Bitki bazlı plastikler, tipik petrol bazlı ürünlere kıyasla çevreye duyarlı bir alternatif olarak gösteriliyor. Ancak yeni bir çalışma, “biyoplastik” olarak adlandırılan ürünlerin çoğunun okyanusta veya karada bir yıldan uzun süre kaldıktan sonra bile ayrışmadığını gösteriyor.
Önceki araştırmalar, kağıt pipetlerin doğada uzun yıllar kaldıkları için “sonsuza kadar var olan kimyasallar” olarak bilinen ve kansere neden olan PFAS içerdiğini göstermişti.
Yeni araştırma, bu biyoplastiklerin toksik olmasalar bile tıpkı petrol bazlı ürünler gibi doğada çözülmediği kanıtladı.
Biyoplastiklerin artan popülaritesi ile 5 Gyres Enstitüsü’ndeki araştırmacılar şişeler, pipetler ve poşetler gibi ürünlerin okyanusa atıldığında veya yol kenarına bırakıldığında nasıl sonuç vereceğini görmek istediler.
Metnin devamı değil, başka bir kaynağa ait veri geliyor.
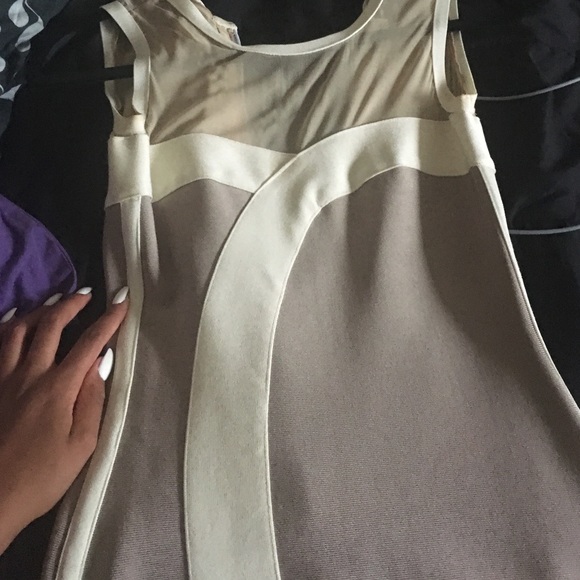 Nude and cream high neck bandage dress - Picture 1 of 3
Karşılaştırma için ahşap veya kağıttan yapılmış geleneksel plastiklerle beraber biyoplastikleri de karada ve denizde birçok yere bıraktılar.
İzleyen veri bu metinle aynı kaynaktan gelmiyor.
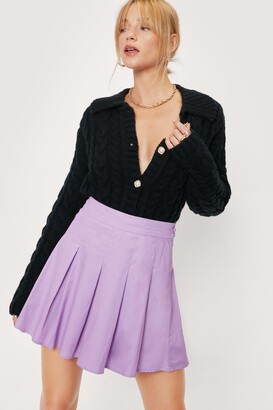 Nasty Gal Womens Petite High Waisted Pleated Mini Skirt - Purple - 4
1 YIL SONRA BİLE DOĞADA ÇÖZÜLMEDİLER
Bu ürünlerin neredeyse hiçbiri 64 hafta sonra bile eskimedi ve bazıları neredeyse hiç değişmedi. Yıprananlar ayrışmak yerine daha küçük parçalara bölünme eğilimindeydi.
Biyoplastik endüstrisi dünya çapında yaklaşık 11,6 milyar dolar değerinde ve yılda yaklaşık yüzde 19 oranında büyümesi bekleniyor.
Karada bırakılan ürünler suda bırakılanlara göre daha yavaş parçalandı ancak 64 hafta sonra bile biyoplastik öğelerin yüzde 78’i bütün halinde kaldı.
KİMYASAL YAPISI PETROL BAZLI PLASTİKLERLE AYNI
Ürünler mısır gibi doğal içeriklerden üretilse de kimyasal ayarlamalar sonucunda petrol ürünlerinden yapılan normal plastiklerle hemen hemen aynı kimyasal yapıya sahip oluyor.
Daha önceki araştırmalar, biyoplastiklerin nadiren düzgün bir şekilde atıldığını ve bu durumun onları küresel ısınma açısından geleneksel plastiklere göre daha tehlikeli hale getirdiğini göstermişti.